> _Assigned task_
The required output holds only the lines from the one containing "Coffee Maker #freecycle thumbnail" through the end of the material below, copied exactly, please, with no pictures.

> _The records_
+++++

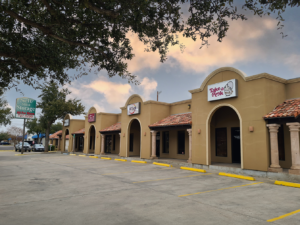 Prime Location with Easy Access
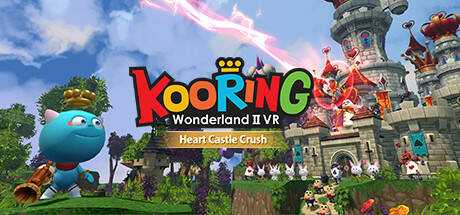 Kooring Wonderland VR : Heart Castle Crush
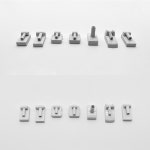 AP-C001/AP-C008 자석기둥 진열 POP 홀더 : 애드팡팡adpangpang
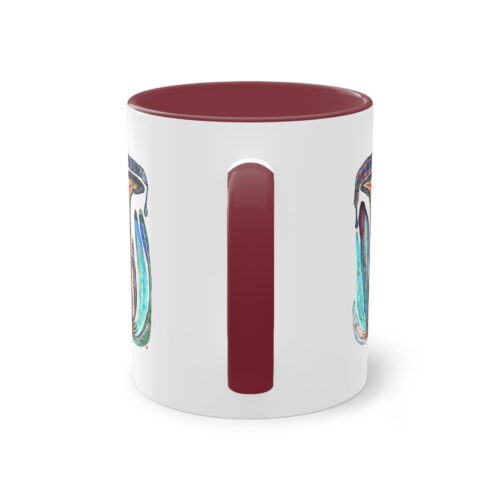"Carpel" Coffee Mug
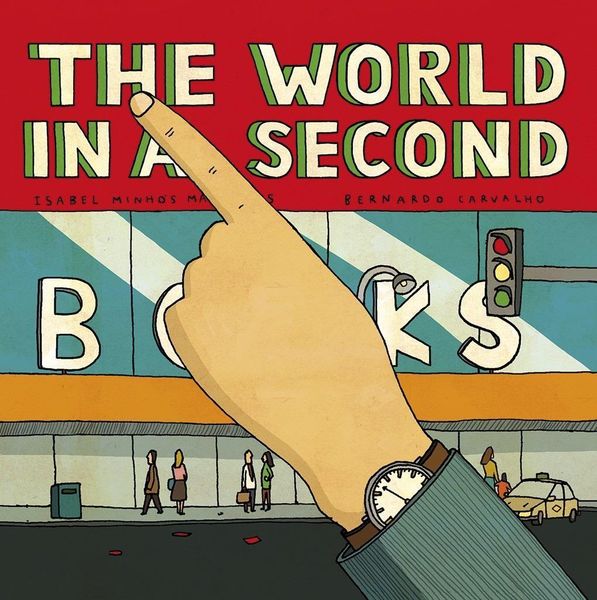 Produktbild: The World in a Second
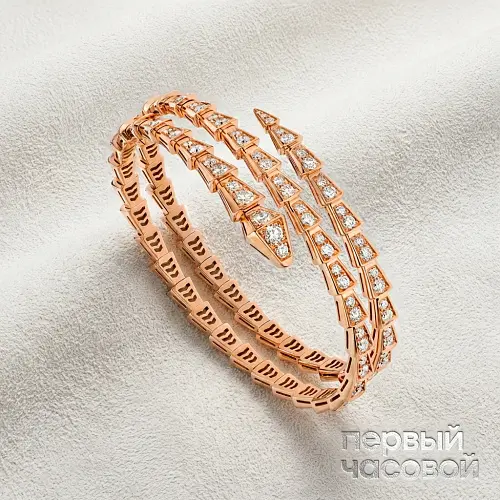 Браслет В Стиле Serpenti Viper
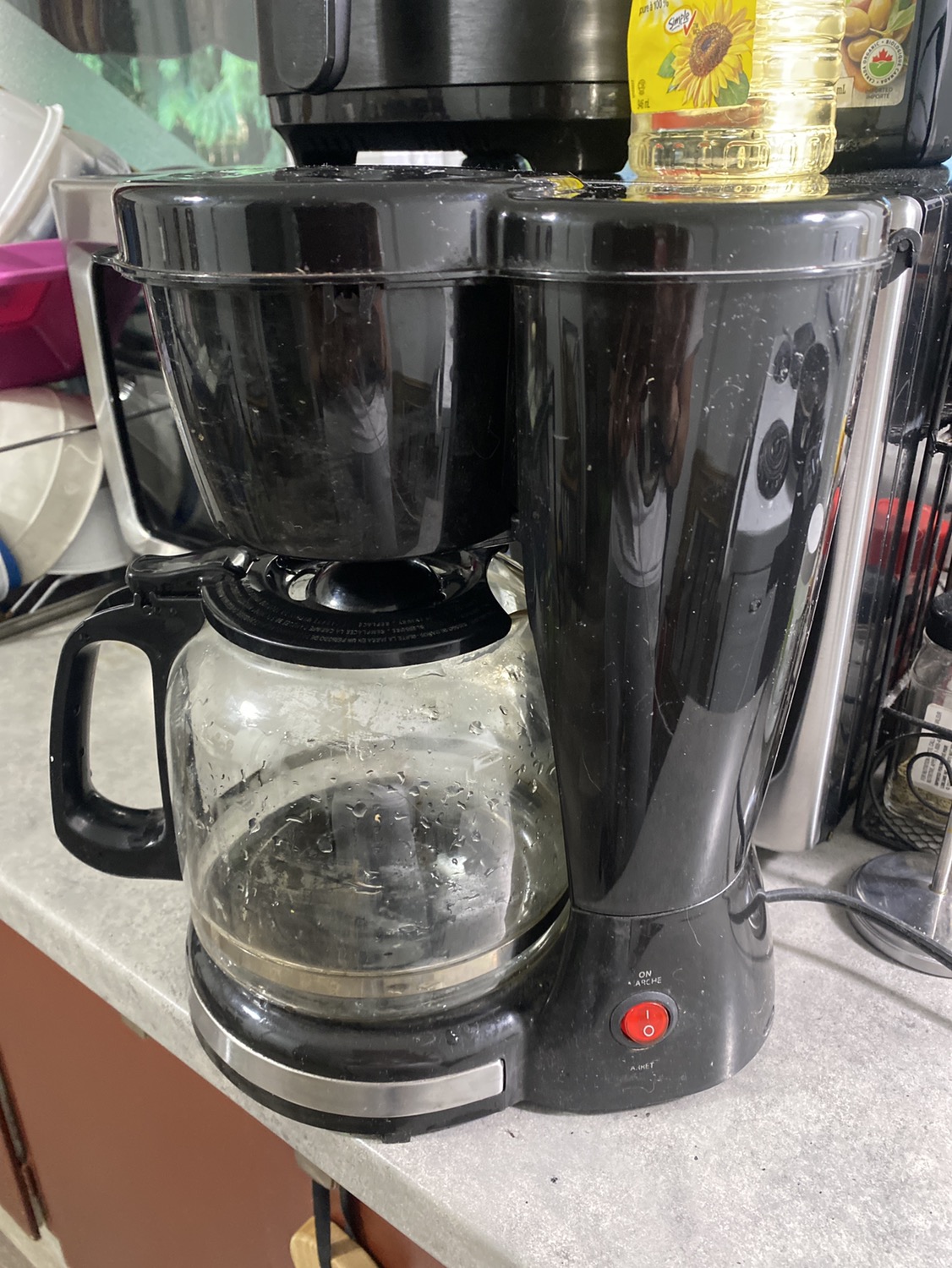 Coffee Maker #freecycle thumbnail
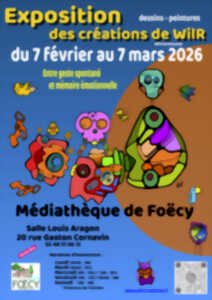 photo Exposition des créations de WildR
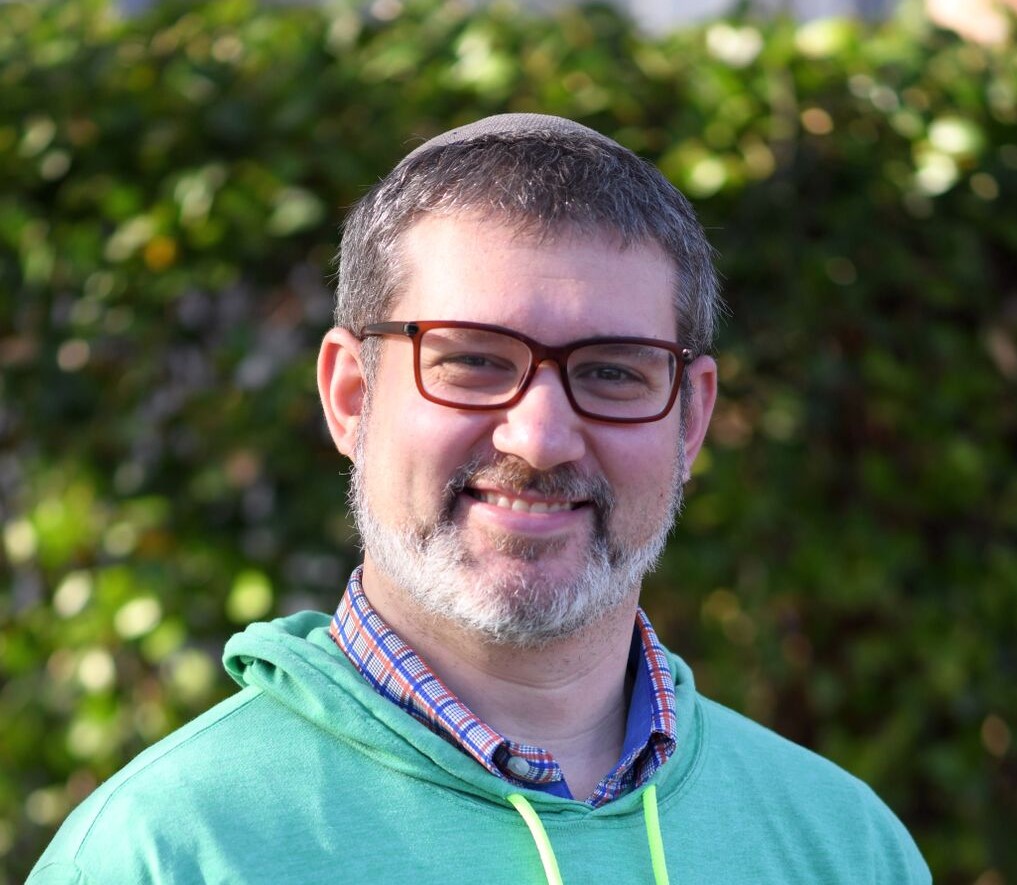 Rabbi Ari Perten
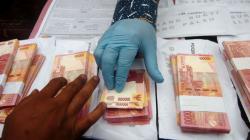 Polres Tegal Ungkap Peredaran 4.973 Lembar Uang Palsu Pecahan Rp100.000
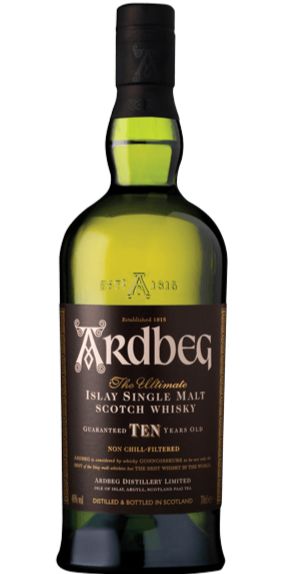 Ardbeg 10YO - Islay - DRINKSDELI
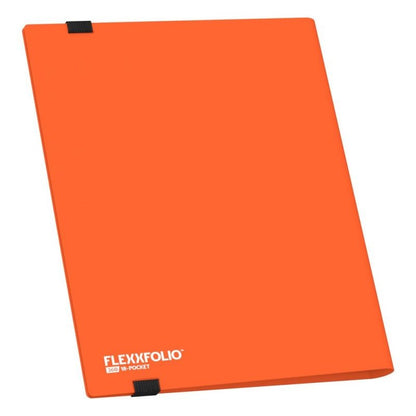Ultimate Guard – 4-Pocket FlexXfolio (Orange) image 2
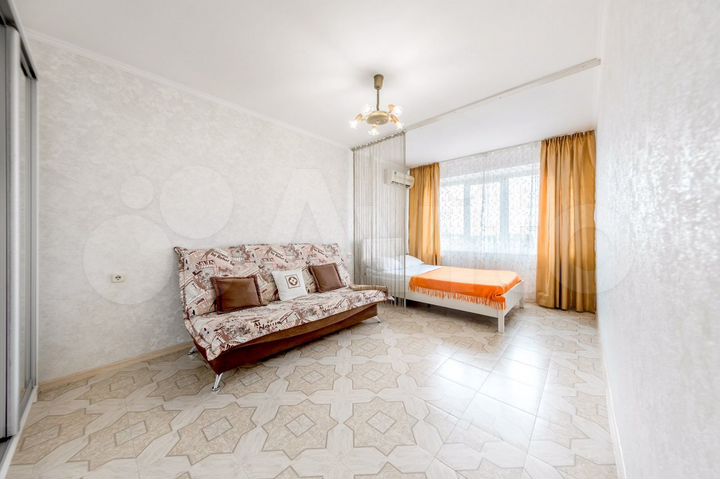 1-к. квартира, 33 м², 4/5 эт.
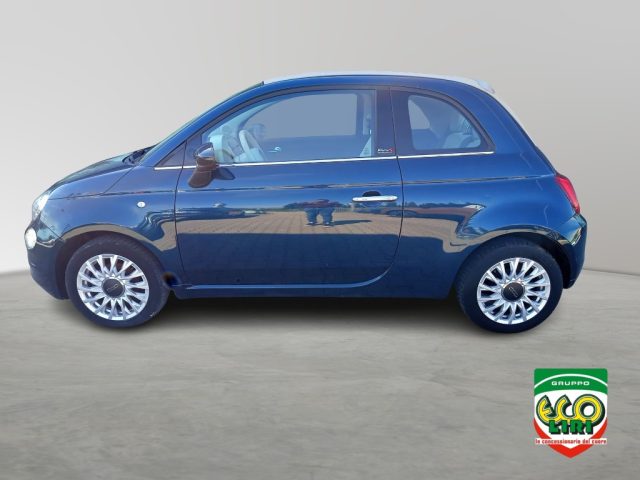 FIAT 500C usata, con Airbag laterali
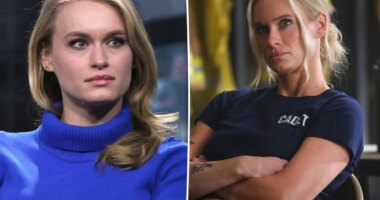 ‘Fire Country’ star Leven Rambin accuses ex of infidelity, being a ‘sex addict’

+++++

> _Solution for this problem_
 Coffee Maker #freecycle thumbnail
 photo Exposition des créations de WildR
 Rabbi Ari Perten
 Polres Tegal Ungkap Peredaran 4.973 Lembar Uang Palsu Pecahan Rp100.000
 Ardbeg 10YO - Islay - DRINKSDELI
Ultimate Guard – 4-Pocket FlexXfolio (Orange) image 2
 1-к. квартира, 33 м², 4/5 эт.
 FIAT 500C usata, con Airbag laterali
 ‘Fire Country’ star Leven Rambin accuses ex of infidelity, being a ‘sex addict’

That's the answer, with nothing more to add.